OBJECTIVE: build a web crawler that crawl all pages from each category in Tiki and store the data in the SQLite.
- duong_crawl_category.py: Get all categories.
- duong_crawl_items.py: Get all items in all crawled categories.
- tiki_db.rar: Contain tiki.db because GitHub does not allow pushing file with >100MB on repository.
- tiki_cat.xlsx: Categories table as an excel file.
- tiki_products.xlsx: Sample records from tiki_products table.
- duong_analysis.ipynb: Some charts.
- 3,191 categories.
- 708,133 products: All products that can be crawled from Tiki website.
-
Step 1: Create a SQLite database
- Create table "categories" in the database
Columns:
- id
- name
- url
- level: Level of the category in the category tree. Level 1 = the main categories.
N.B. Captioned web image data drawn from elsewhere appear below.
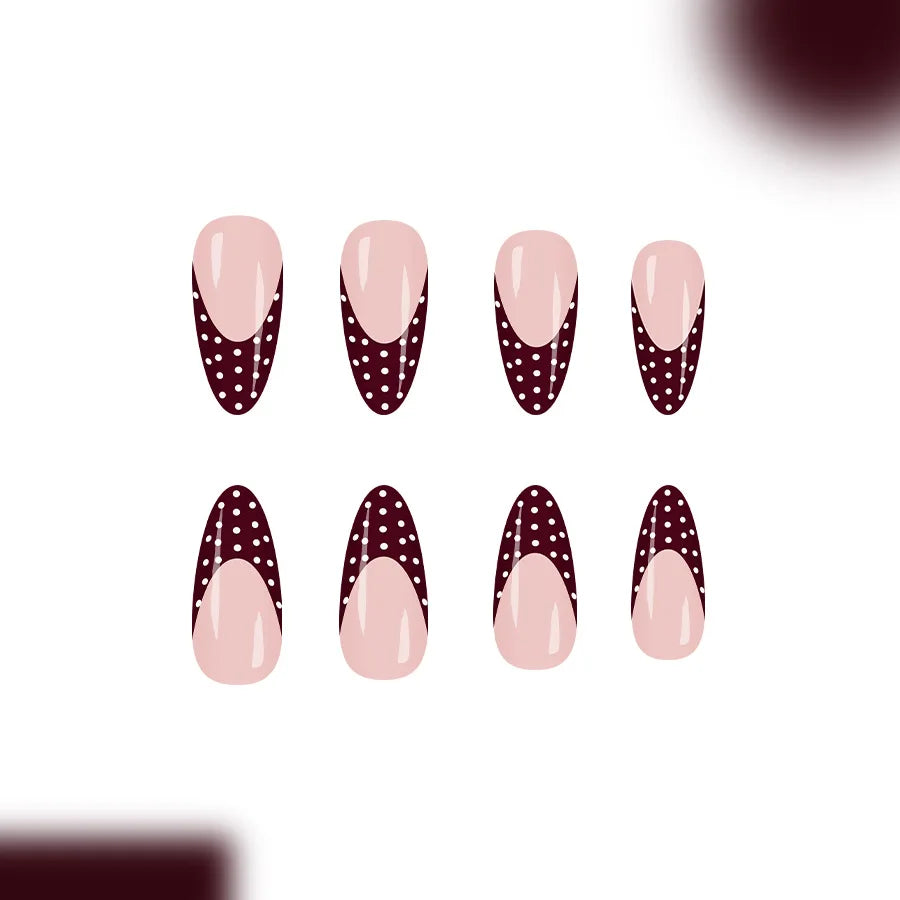 Red and White Polka Dot Press On Nails — Almond Shape Glossy Fake Nails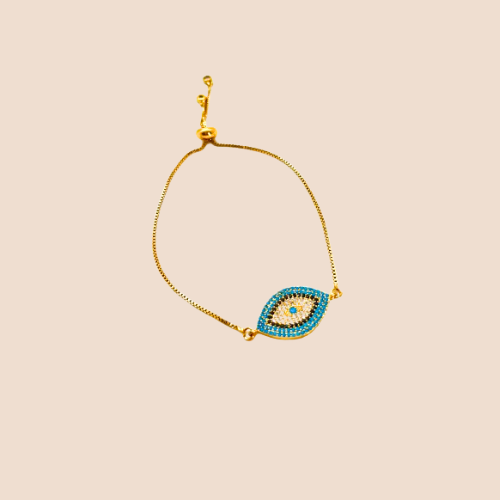 Colorful Zircon Evil Eyes Charm Bracelet - Copper Base with Gold Plating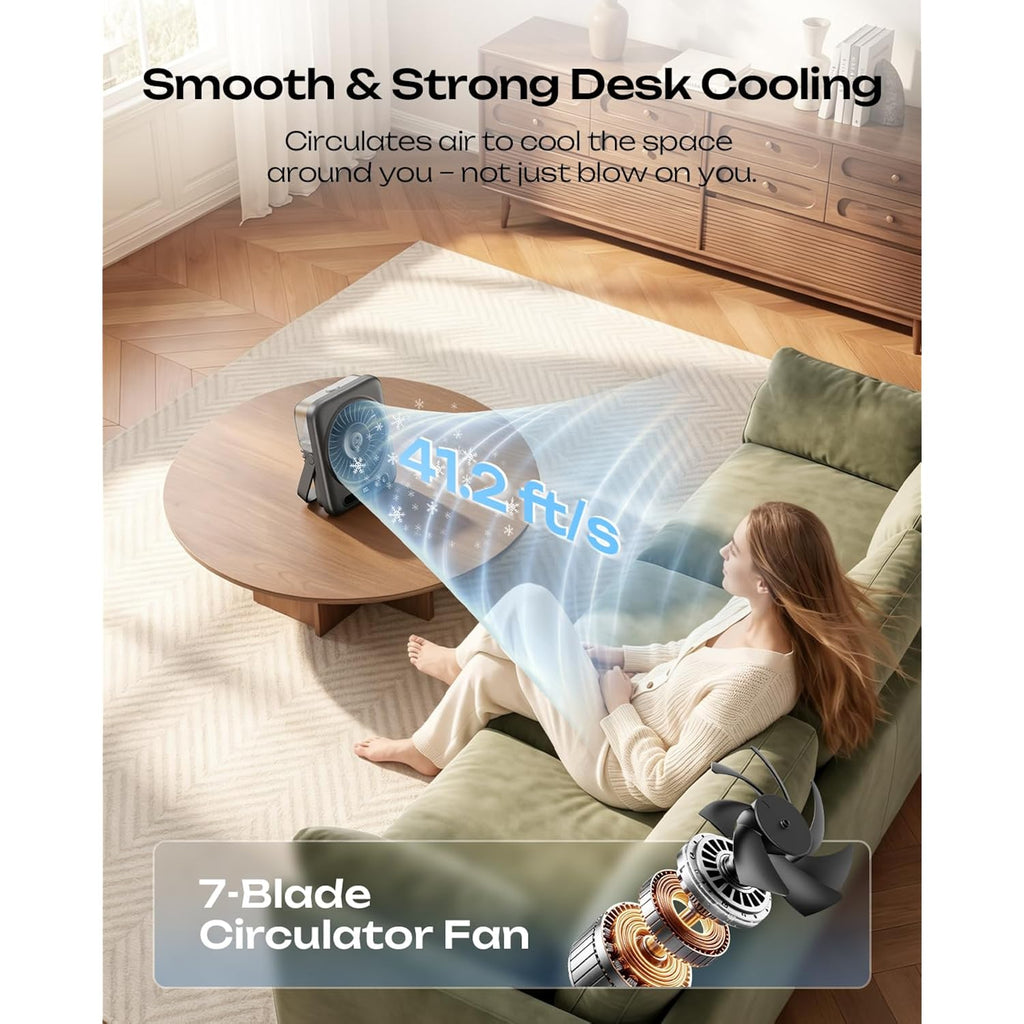 Otlonpe Portable Desk Misting Fan, 5000Mah Rechargeable Battery Powered, Powerful Desk Fan With Mist, 5 Speeds, 110Ml Water Tank, 6.5 Inch Personal Cooling Mister Fans For Travel Home Office Bedroom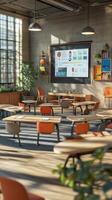 Modern classroom setting with interactive technology and seating photo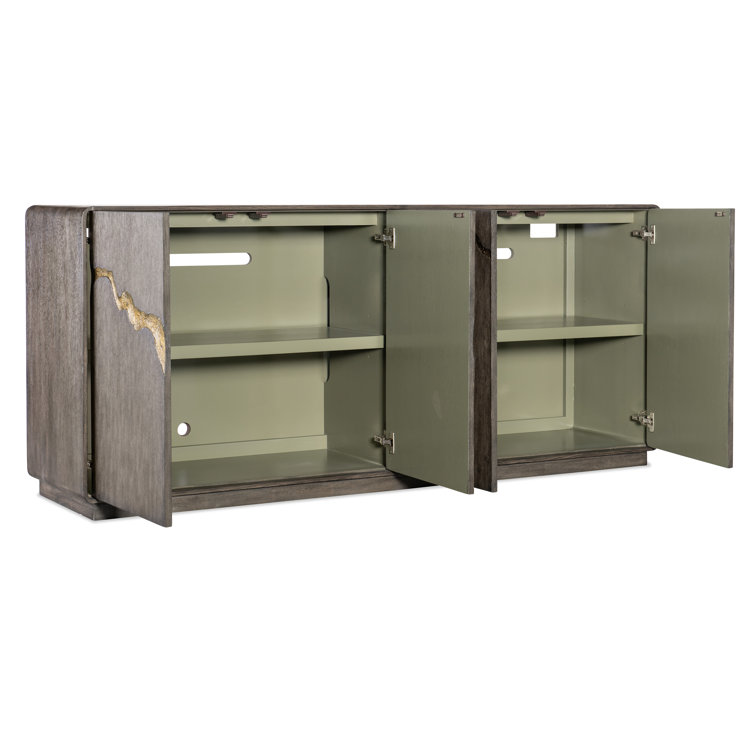 78'' Brown Oak Veneer Media Console with Gold Accents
- total_sub_category: Total of sub categories that the category contain. Purpose: 0 = the category does not have any sub category.
- parent_id
- created_at
- Use OOP to temporarily store, create save_to_db method using "INSERT" and update_total_sub_category using "UPDATE"
- save_to_db: Save every category to table categories as 1 row.
- update_total_sub_category: Update total_sub_category of every parent category in table categories.
-
Step 2: Crawl the link of the sub categories and return a list of last sub-categories.
- Get main categories: The categories on tiki.vn homepage
- Get sub categories: Assign level of the sub category (= parent_level + 1) and update total_sub_category of the direct parent category.
- Get all categories: Only the last sub-categories (category with total_sub_category = 0) are used for crawling items.
-
Step 3: Crawl all items in each last sub-categories (category with total_sub_category = 0) and save each item to table tiki_products in SQLite database.
Similar to Week 1 project with some updates:
- Use class "Product" (OOP) to temporily save product values from HTML, instead of a dictionary.
- Save items to SQLite database, instead of a dataframe and a excel file.
- Extra features: Continue crawling where the script left when interupted by using SQLite database (catgories and tiki_products tables) as backup source, instead of a excel file.
- Continue to crawl the next item in a page;
- Or continue the next page;
- Or continue the next category.
It took more than 4 hours to finish crawling all categories urls.
Total sub categories in each main categories
"Homes for Life" (Nhà Cửa Đời Sống) has the biggest number of sub categories: 600 sub categories.
Total products in each main categories
Big number of sub categories of "Homes for Life" (Nhà Cửa Đời Sống) is due to the big number of products.
Top 10 sub categories with highest number of products
Number of products of each category usually reachs the maximum of 1000. Tiki database contains more than that, but not showing on the website.
However, there are 3 categories breaks the rule: "Bộ chăn ga, ra, drap" (Blankets, sheets), "Tranh canvas" (Canvas pictures), "Đồ chơi" (Toys) have over 4000 products and up to 200 pages.
Not sure how the script can scrawl such data because with UI on the webpage, pages above 21 can not be accessed.
All products in those 3 categories are only duplicated because Tiki place the same product in different places with the product links are also different.
700k products on the website may be only 10% of products in Tiki database.
It took more than 19 hours to finish crawling all products in all categories.
Average current price of each main categories
Unit: 10,000,000 VND (10 million VND)
Price after discount.
Electronics (Điện tử - điện lạnh) has the highest average price, over 10 million VND.
Highest price: Harley Davidson FXDRS 2019 (Xe Mô Tô Harley Davidson FXDRS - 2019) - 799,500,000 VND
A sample of 0 VND price: Box of 10 Volluto Coffee Capsule Capsules - Nespresso (Hộp 10 Viên Nén Capsule Cà Phê Volluto - Nespresso) due to out of stock
Lowest price: Zinc Branches (Kẽm Cành) - 1,920 VND
Product position on a page vs Discount rate (only considering products having discount rate > 0%)
Position number 7, 17, 27, 37, 47 usually do not have discount range of 40-60%. Popular discount percentage: 10, 20, 30, 40, 50.
Product page number vs Discount rate (only consiering products having discount rate > 0%)
Discounted products are mostly placed on page 1 to page 6. After page 6, the number of discounted products starts decreasing.